When the total debt pool value fluctuates, the shares will be used to calculate how much debt the minter owes. For example, if the debt pool now doubles to 400 sUSD, based on the above scenario:

Alice who has 50% (100 shares), will have 200 sUSD debt Alice who has 50% (100 shares), will have 200 sUSD debt

Burning sUSD reduces the number of debt shares issued against a staker and the number of shares burnt is calculated with the total debt pool value. Continuing with the example above,

Example:

Alice now burns 100 sUSD, which burns (100 / 400) _ 200 shares = 50 shares Alice would have 50 shares after her burn, ⅓ of the debt pool. Alice’s remaining debt will be (50 / 150 shares) _ 300 = 100 sUSD

The oracle

The value of all synthetic assets in the Synthetix system is determined by oracles that push price feeds on-chain. It uses an algorithm with a variety of sources to form an aggregate value for each asset. The price feeds are currently supplied by Chainlink’s independent node operators.

Current Risks and Risk Mitigation Strategies¶

Current risks

There are several risks in the current architecture, as Synthetix is still an experimental system and complex systems require both empirical observations and theoretical analysis. Empirical observation and theoretical analysis ensure the mechanism design aligns incentives for all players.

One risk involves the debt SNX holders issue when they stake their SNX and mint Synths. As previously explained, this debt can fluctuate due to exchange rate shifts within the system. This means that to exit the system and unlock their staked SNX, they may need to burn more Synths than they originally minted.

Most people in the cryptocurrency space are aware of this risk, but the prices of most crypto assets are highly correlated to Bitcoin and/or Ethereum. This means it’s possible for major price fluctuations in the SNX token to occur for reasons that have little to do with SNX or the Synthetix system.

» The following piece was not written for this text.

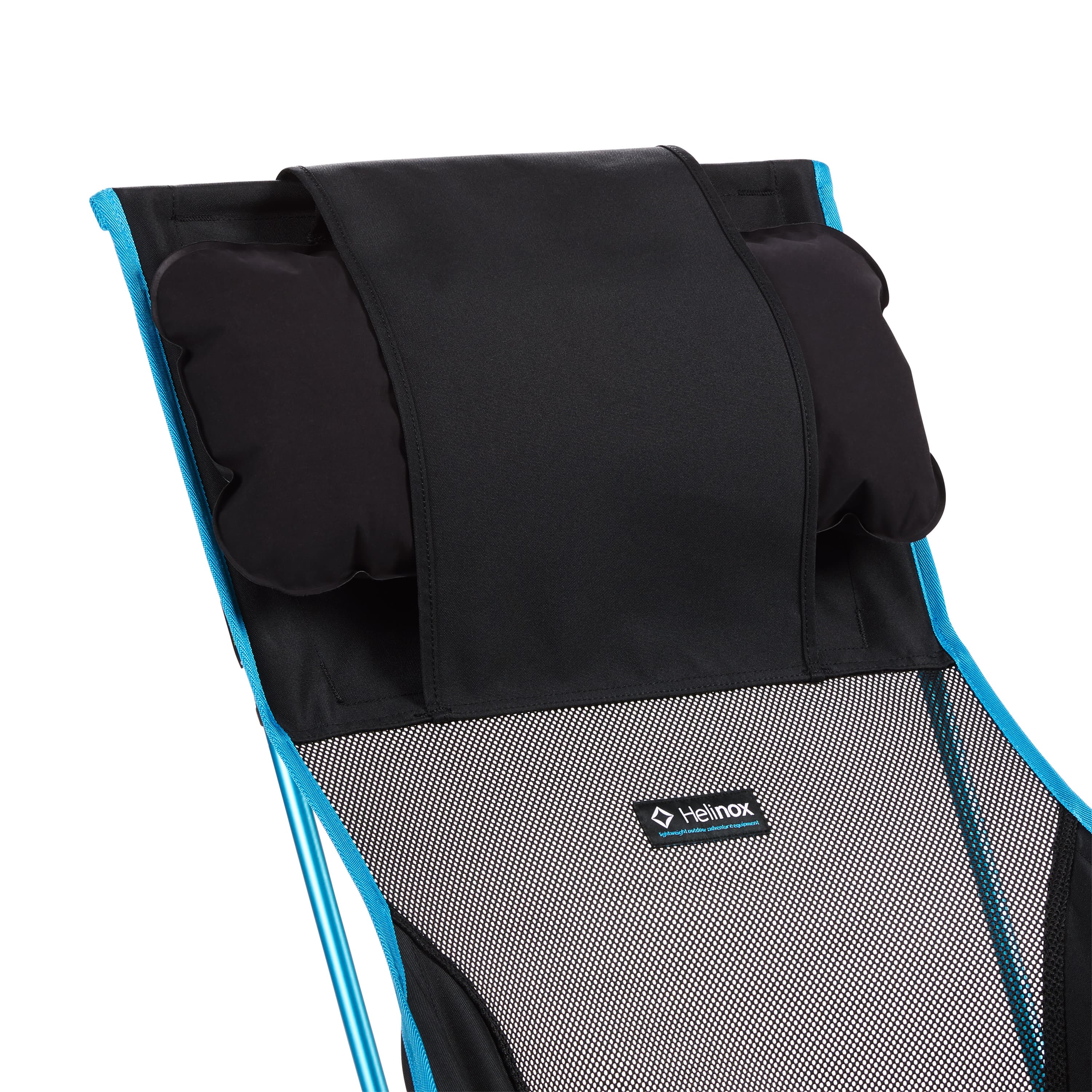 Savanna Chair Black — image 3 of 12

Finally, there are a number of aspects of the system that are currently centralized. This decision has been made to ensure the efficient implementation of the project. One example of centralization is the use of proxy contracts across much of the architecture. This is to ensure the system can be upgraded easily but confers a level of control to the engineering team which requires trust from users. While these aspects will be phased out over time, it is important to understand the risks inherent in the current system architecture.

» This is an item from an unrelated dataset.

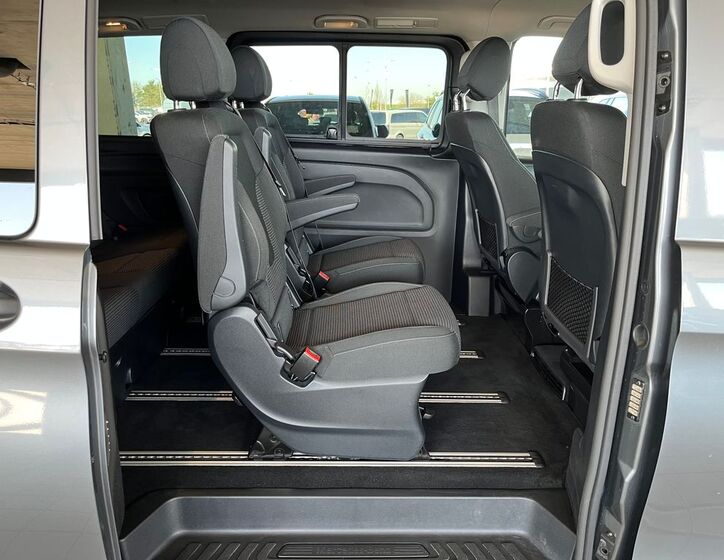 Mercedes-Benz Vito 20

Risk mitigation strategies

As a decentralized protocol, the Synthetix team is committed to decentralization and censorship resistance — this will be a gradual process as the system matures. This includes crucial areas such as our price feeds. Chainlink, reputable a provider of decentralized oracle solutions, supplies all oracles, and Synthetix does not rely on a centralized solution.

Another important area is governance, Synthetic has a system of councils that helps to oversee and govern the protocol. The Spartan Council, the key governing council of Synthetix, is elected by the community and decides which changes to the protocol are approved.